Friday, September 30, 2011

My Unsolicited Review of "The Girl With The Dragon Tattoo"

The truly pathological readers that I know have been gushing about The Girl With The Dragon Tattoo. With all the media buzz and the impending movie, I've actually been ordered to read it. So, I did. In a word, my opinion of it is "eh."

That's blasphemy, I know. Everyone's flipping out over this book. Maybe it's because it was published posthumously. Maybe it's because he was Swedish and we Americans are amazed that other countries actually have their own novelists and stuff. I know not. All I can say is that I don't think it deserves all the kudos. It's a good story and the characters are interesting but, as the old saw goes, "the story is in the telling" and it's not told very well. Of course, that doesn't mean much; Stephanie Meyer made herself a household name by revising the "vampire rules" and recycling old Buffy angst to make an undead monster with uncontrolled blood-lust look like good boyfriend material. So, what the hell do I know? I'm sure the Larsson estate will be rolling in kronas. More power to them. I'm just not impressed.
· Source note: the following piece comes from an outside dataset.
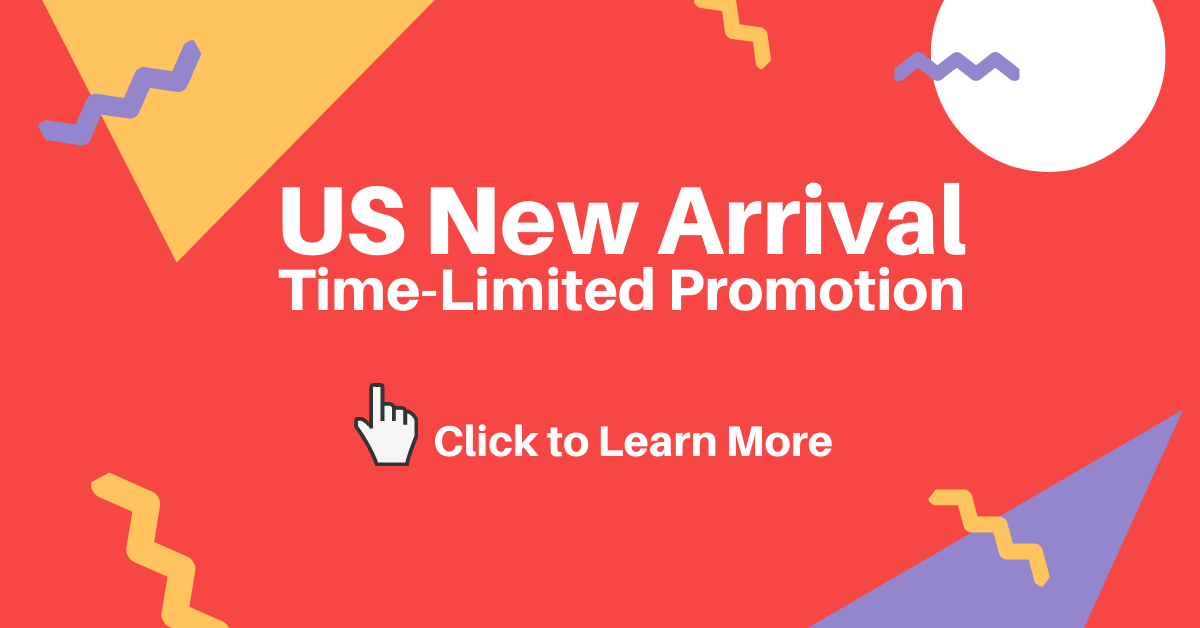 Us new arrival promotion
The story was good though it was a bit anticlimactic. The subplots could have been worked into the main story a little more, giving it a bigger build-up towards the end. But, alas, we had chapter upon chapter of wrap-up. And, truth be told, the climax was a Hollywood director's wet dream. I actually predicted some of the plot twists but that might just be because I'm a genius. I don't want to spoil the ending for the seventeen other people who haven't read it yet, so I won't say anything else on plot. Suffice it to say that I liked the story well enough.

The writing, though, was weak, especially given the seismic orgasms that everyone seems to be having over it. I thought it was dry and methodical. Larsson, having been a journalist, was probably used to explaining things in a clear, concise manner, which is probably why his fiction is an exercise in exposition. The book is rife with passive, explanatory language, making it seem distant and impersonal. He tries to present some extremely visceral things and makes it read like a scientific journal article. It's all tell and no show. He invented some colorful characters and then painted them in greyscale.

Descriptions are cursory and not very evocative. They give you the setting but don't pull you into it. It's sort of like the props in an elementary school play; they're just kinda there. What he does expound on are pointless details and veritable laundry lists of actions ("She did this. She did that. Then, she did the other thing.") Sentence after repetitive sentence of ways and means with nothing with which to empathize. He also had a tendency to sprinkle in brand names and, in particular, he loved to recite computer stats. At one point, I thought I was reading a Best Buy ad. It's like the work of an author who's a gun enthusiast and insists on detailing bore sizes and muzzle velocities in the middle of a gunfight. Or, the cook who gives us a handy recipe. Steig liked his computers and he did his homework. Fantastic. If it doesn't advance the story, it just sounds like pandering.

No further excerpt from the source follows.